Lavò ogni anfratto del suo corpo sperando, però, di ripulire l'enorme macchia di cenere sulla sua anima, ma forse non se ne sarebbe mai andata. 

Uscì, tremante e fragile come l'invisibile ragnatela di un ragno contro un forte vento. Lo sporco nella sua anima restava ma almeno quello del corpo non c'era più. 

Passo la giornata a fumare una sigaretta dietro l'altra e a bere. Alle 9 uscì e andò al concerto. Per miracolo arrivò in tempo senza morire investito, probabilmente non era la sua giornata fortunata. 

Ovviamente all'entrata c'era un mare di gente, tutti allegri e eccitati per una volta nelle loro disperate esistenze.

Riuscì a entrare che il concerto era già iniziato.

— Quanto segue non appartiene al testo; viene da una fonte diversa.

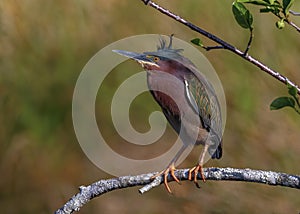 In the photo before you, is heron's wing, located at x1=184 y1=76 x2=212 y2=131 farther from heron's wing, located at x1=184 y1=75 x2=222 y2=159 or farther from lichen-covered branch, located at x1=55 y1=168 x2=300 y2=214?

Era esattamente come aveva immaginato: caldo soffocante, nuvolette di fumo sopra la folla oceanica, provocata sia dal calore che dal fumo delle canne. Un rumore assordante di chitarre e voci che faceva vibrare il pavimento e impediva di udire la voce dei suoi pensieri. In men che non si dica si ritrovò in mezzo alla folla, oppresso da ogni lato da corpi che cercavano di saltare, muoversi, liberare se stessi e la propria voce. In quelle situazioni il tempo perde significato. Il passato e il futuro non contano: esiste solo il presente, ci si illude che quelle ore di liberazione non finiranno mai. 

Dopo qualche tempo, sentì una voce urlargli all'orecchio

"Hey, hai d'accendere?" Si voltò come meglio poté e si ritrovò davanti a un cespuglio di capelli castani e due occhi gentili. Quel volto aveva un che di familiare. Corrugò le sopracciglia chiedendosi dove avesse già visto quei capelli da afro. Anche il tipo strizzò gli occhi come per metterlo a fuoco nel rimescolio di volti conosciuti, che è nella testa di ogni uno di noi. Poi la sua espressione si distese e  spalancò la bocca.

"Gerard!"

Fu quella sera che nacque una band. Una band morta troppo presto per mano di colui che l'aveva creata. Una band che aveva dato tanto, che aveva fatto sentire un brivido di vita a coloro che l'avevano sentita. Che era formata da ogni cuore che batteva per loro, ogni speranza in un futuro che nasceva per loro e la loro speranza. Una band chiamata: My Chemical Romance.

 

 

N.d 

Scrissi questa storia a Luglio, sulle note del telefono perché non avevo il mio amato PC. In seguito l’ho trasferita sul computer e l’ho aggiustata, ma ho comunque aspettato a pubblicarla perché mi sembrava giusto farlo oggi.